Input (JS object literal)

{
  // comments OK
  id: 1,
  name: 'Alice',
  active: true,
  tags: ['admin', 'user',],
}

Output (standard JSON)

{
  "id": 1,
  "name": "Alice",
  "active": true,
  "tags": [
    "admin",
    "user"
  ]
}

Note

Four-step transform — strip comments, single → double quotes, add quotes around bare keys, strip trailing commas. No `eval` / `new Function` — safe.

Usage / FAQ

When to use

  • Convert an object literal copied from JS code into API-ready JSON
  • Clean up JSON5 / JSONC config files into strict JSON
  • Turn `console.log` debug output into pasteable JSON
  • Prepare input for Postman / Insomnia and similar API tools
  • Tidy 'loose JSON' with comments / trailing commas

FAQ

Q.Does this use `eval`?
A.Never — for security reasons. A custom token scanner strips comments, swaps quote styles, adds key quotes, removes trailing commas, then validates with `JSON.parse`.
Q.What about function values or regex literals?
A.Unsupported — JSON has no such concept, so parsing errors out.

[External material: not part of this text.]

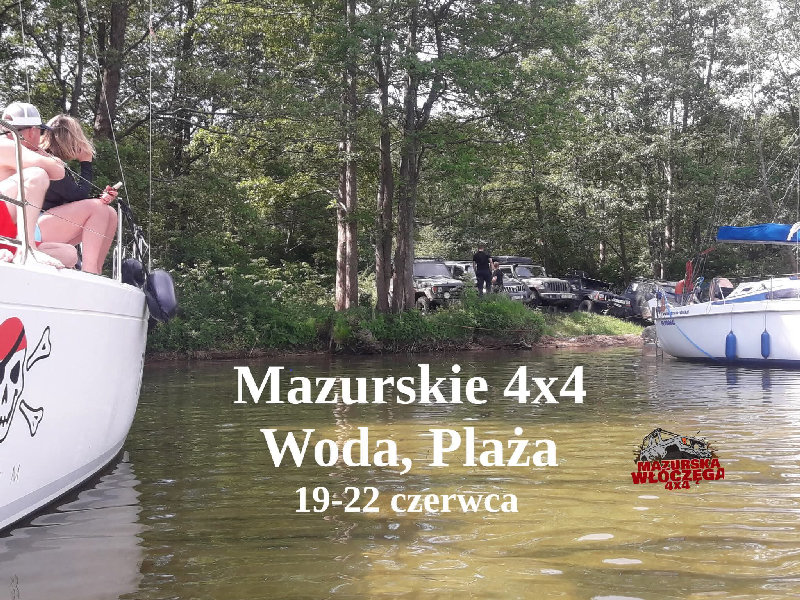 Mazurskie 4x4, Woda, Plaża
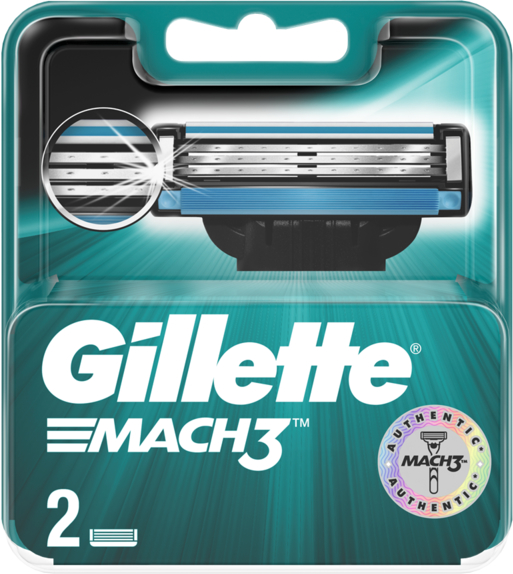 Gillette, Mach3, wymienne ostrza do maszynki do golenia, 2 szt.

Remove functions, regexes, or `undefined` from the input first.
Q.How is this different from JSON5?
A.JSON5 formalizes unquoted keys, trailing commas, etc. as a superset. This tool accepts JSON5-compatible input and emits strict JSON — no JSON5 library dependency, just a self-contained transformer.
Fun facts
  • JSON was defined by Douglas Crockford in 2001 — born from web APIs needing something lighter than XML for data interchange. The 2013 ECMA-404 spec is short enough to fit on a single page.

    JSON.org
  • JSON is a *strict* subset of JavaScript object literals — keys must be double-quoted, trailing commas are forbidden, comments aren't allowed, function values aren't allowed. The two most common gotchas when copying JS objects into JSON: trailing commas and unquoted keys.

    RFC 8259 — JSON
  • JSON5 (Aseem Kishore, 2012) is the ergonomic cousin — comments, trailing commas, single quotes, and unquoted keys are all allowed. It's not a standard, but it's familiar from VS Code's `settings.json` and patterns in npm's `package.json`.